An Aeropress shouldn’t make weak coffee. It won’t make coffee as strong as espresso but it tends to make coffee that’s stronger than a pour over method would. The smoother taste might make it seem like an Aeropress makes weaker coffee while actually the taste is just different.

Most people judge the strength of coffee by the amount of bitterness. However, that’s not necessarily fair. Caffeine has a bitter taste but that really harsh bitterness doesn’t mean your coffee has more caffeine. It just means the grounds were really far extracted. The last compounds that dissolve in the water are the most bitter. 

An Aeropress makes it easy to make coffee that lacks that intense bitterness by just following a few easy steps, making some people believe it’s not strong while it has the same amount of caffeine. 

Try a Fellow Prismo

Tried all of the things above and still don’t have the coffee strength you like? There is something you can add to your Aeropress that helps you brew something that’s much more like espresso. 

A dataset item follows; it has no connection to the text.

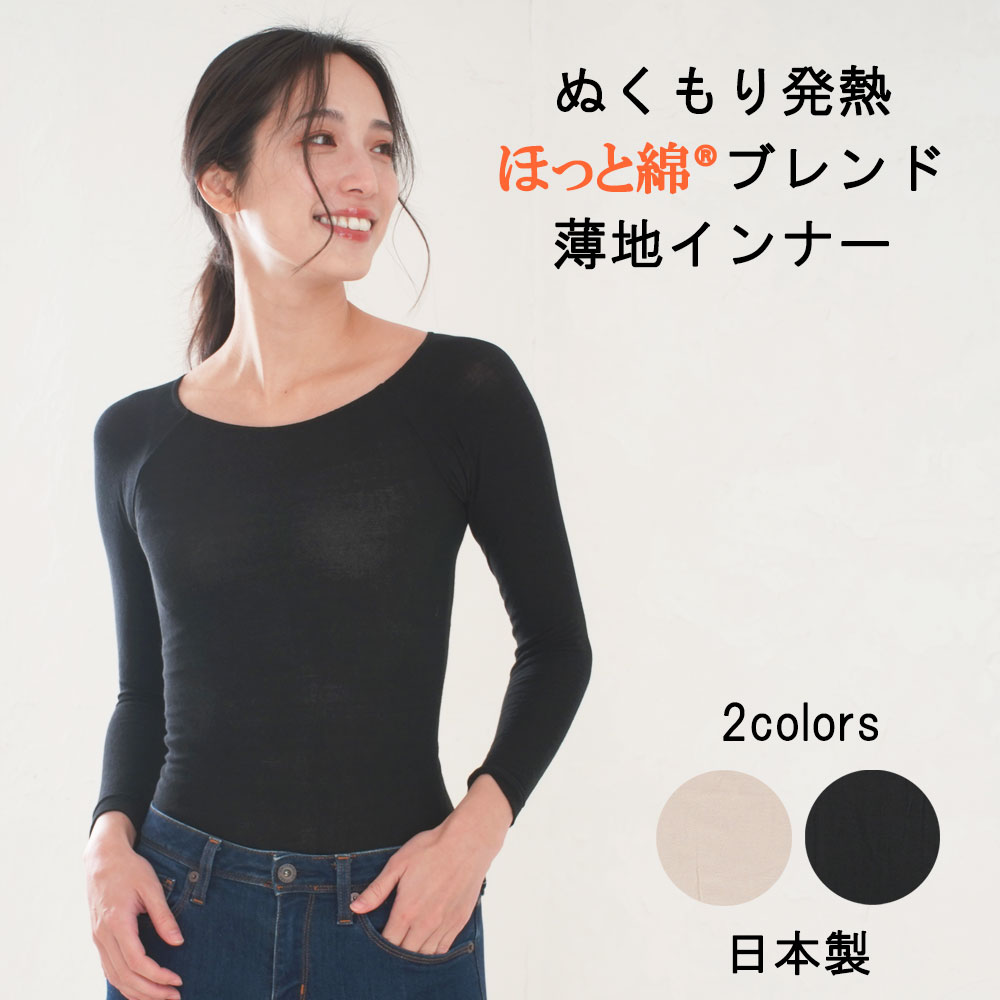 吸湿発熱コットン【ほっと綿®】薄地インナー｜肌着　防寒　綿　コットン　キュプラ　長袖　極薄　ストッキング　発熱　吸水速乾　薄くて暖かい　肌に優しい　アウターに響かない　着ぶくれしない　ロング丈　重ね着　伸びるインナー　日本製　送料無料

The Fellow Prismo is a little device that replaces the filter cap of the Aeropress. It’s a metal filter screen (which means no more paper filters), and a plastic cap with a little valve. 

This little valve only opens when a certain pressure is reached. That means this allows you to push much harder on the plunger before the liquid starts coming out. That results in a higher pressure in the brew chamber which created a condition more like espresso. The higher pressure, combined with the lack of paper filter will brew much thicker, stronger coffee.